Il n’y a pas de véritable courage dans le fait d’écrire, le plus grand courage réside dans le fait de le faire quand même alors qu’il est si difficile d’être lue. De continuer d’écrire quand il est si douloureux d’échouer à être choisie. Pourtant j’écris, encore. J’écris inlassablement.
J’écris des choses parfois vêtues d’impudeur, des choses qui pourraient n’appartenir qu’à moi, des choses qui pourraient ne pas être données en pâture, qui pourraient se taire. Mais je crois que je le fais d’abord pour moi, pour savoir qui je suis, qui se cache derrière moi, pour que je me comprenne plutôt que pour être comprise. J’écris pour ramener à moi toutes les émotions volatiles, celles évanescentes qui s’effilochent, celles qui m’échappent souvent, celles que je ne peux saisir. J’écris pour ne pas les perdre définitivement.

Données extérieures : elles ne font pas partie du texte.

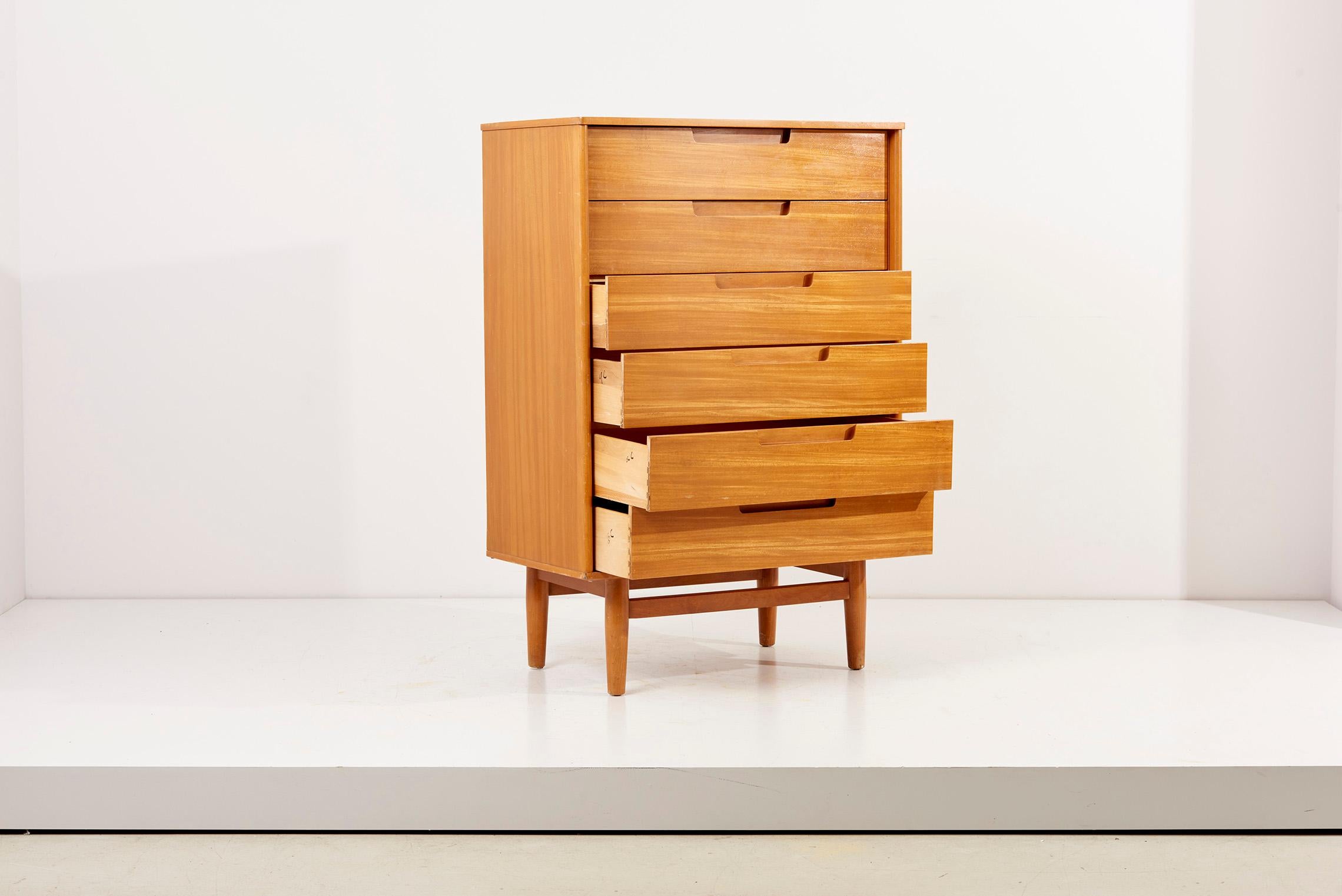 Matched Pair of Milo Baughman Dressers for Drexel, USA, 1950s 8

Et puis j’écris aussi pour toutes les fois où je ne peux pas le faire. Toutes ces fois où je me perds. Où j’erre dans l’existence sans être celle qui vit, sans être capable de vivre. Toutes ces fois où la flamme me quitte, où le souffle me manque. Quand je ne défie plus rien. Quand tout est vide. Parti. Et qu’il ne reste que les lambeaux. Toute les fois où je m’éteins. Incapable de combattre. Quand je ne suis plus qu’une ombre et que j’avance lentement comme on traîne un sac lourd. Quand tout m’effleure mais que rien ne me touche plus. Toutes ces fois où l’envie s’en va. La vie s’en va. Quand, au fond de moi quelque chose me grignote et se repaît de tout : du sourire à l’espoir, de la force à la foi. Quand je ne suis plus qu’une coquille vide qui fait semblant d’être au monde.
Que pourrais-je bien écrire du néant ? Que pourrais-je bien partager d’émotions anémiées ? Il y a toutes ces fois où ma plume se tait. Asphyxiée. Alors j’attends de respirer. J’attends. Que la chose cesse de me dévorer. Que la chose finisse pas se calmer. Se lasser. Me laisser. S’en aller. Enfin je renais. Je reviens à la vie et je peux dire les émotions qui germent et qui bientôt fleurissent sur le papier.
Au fond j’écris, je crois, pour ne pas mourir de tous ces moments coquilles où je ne le peux pas.